* _Task objective_
Return the full listing unchanged, apart from leaving out its images.

* _Provided records_
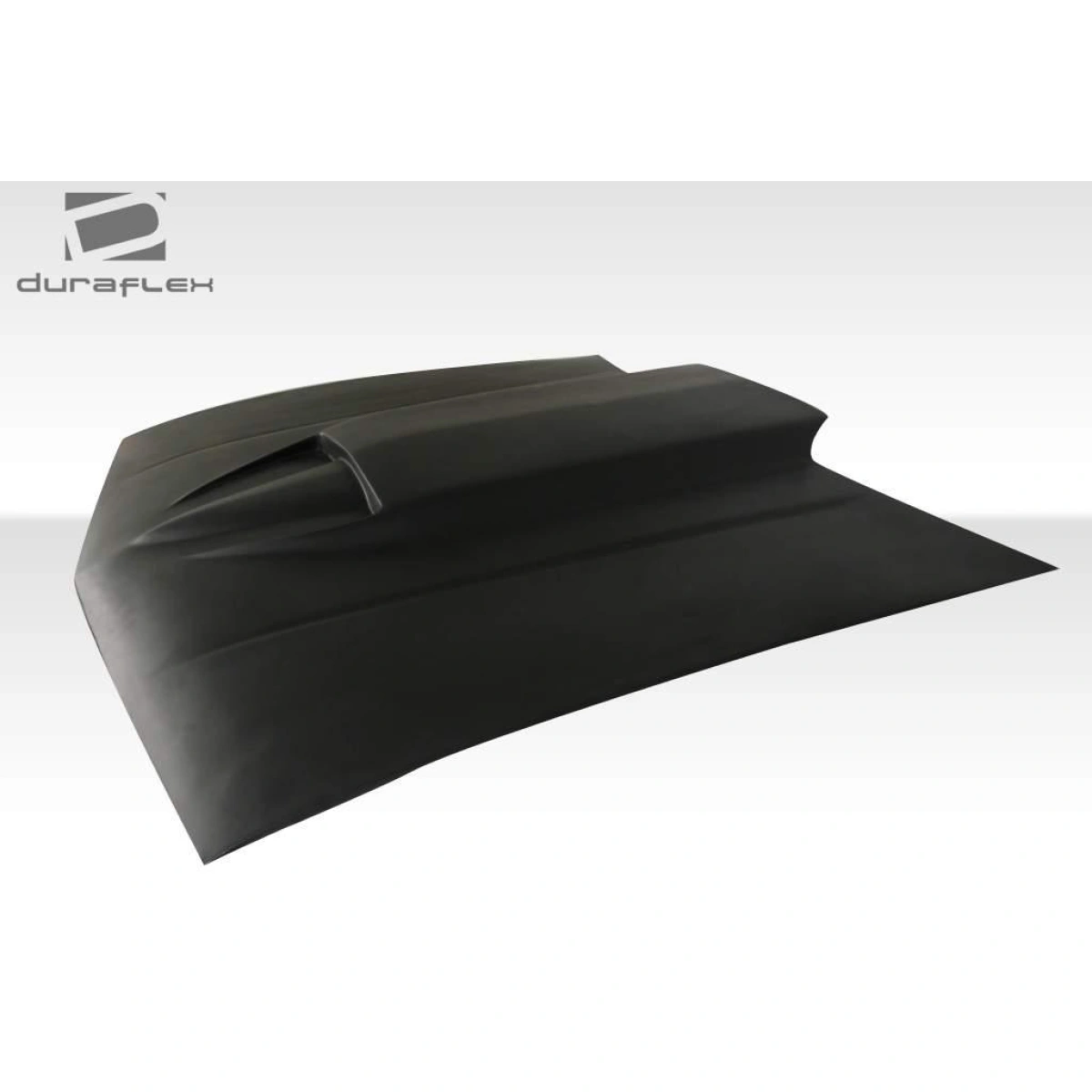 Modify your Chevrolet Camaro 1982 with our Exterior/Hoods - 9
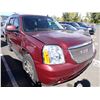 Image 2 : 2008 GMC Yukon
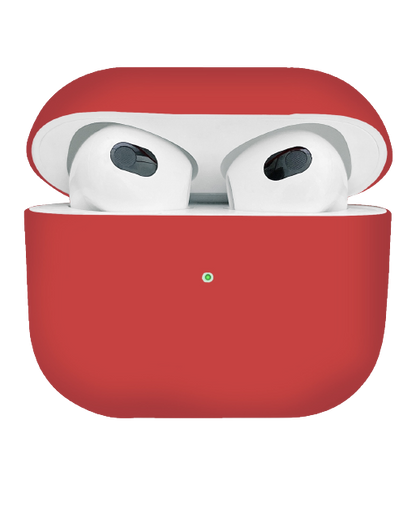Case Pack Protector For (Pods Ultra Pro) - technopromos
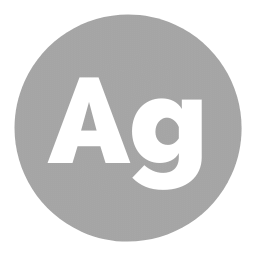 Silver (XAG) icon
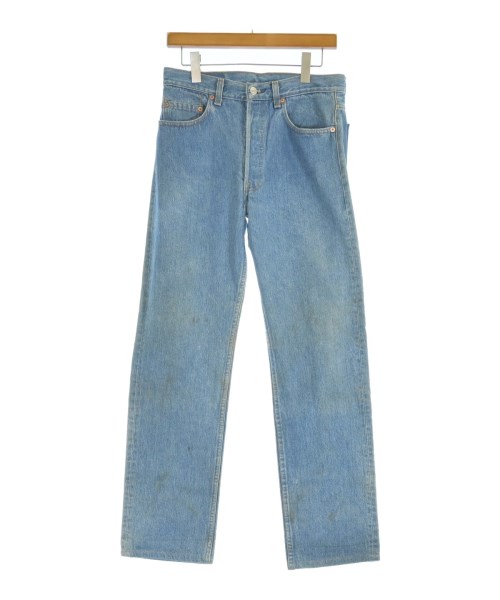 リーバイス(LEVI'S)のLEVI'S デニムパンツ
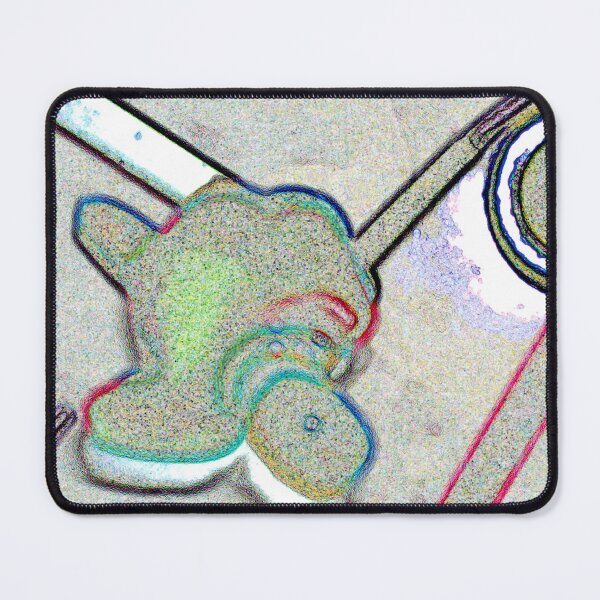 Item preview, Table Hockey 13. designed and sold by InfinitePathArt.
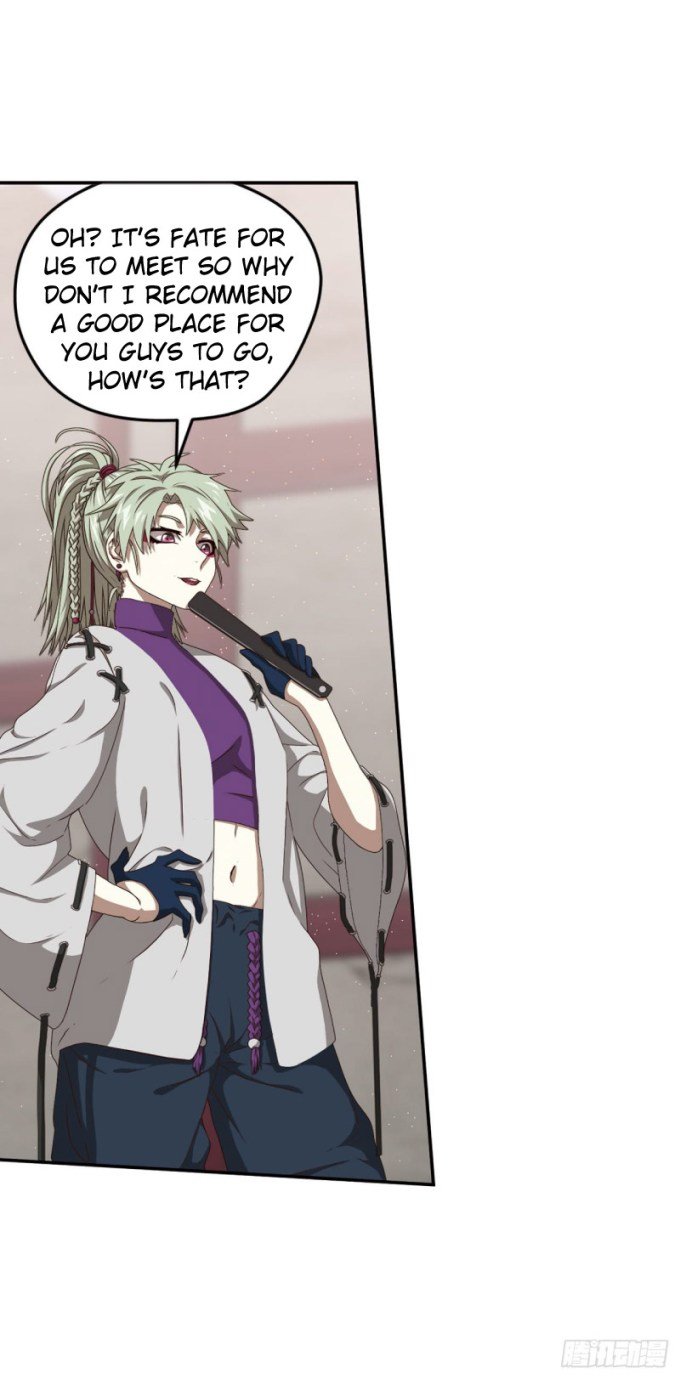 Page 30 of Chapter 84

* _Task result_
 Modify your Chevrolet Camaro 1982 with our Exterior/Hoods - 9
 Image 2 : 2008 GMC Yukon
Case Pack Protector For (Pods Ultra Pro) - technopromos
 Silver (XAG) icon
 リーバイス(LEVI'S)のLEVI'S デニムパンツ
 Item preview, Table Hockey 13. designed and sold by InfinitePathArt.
 Page 30 of Chapter 84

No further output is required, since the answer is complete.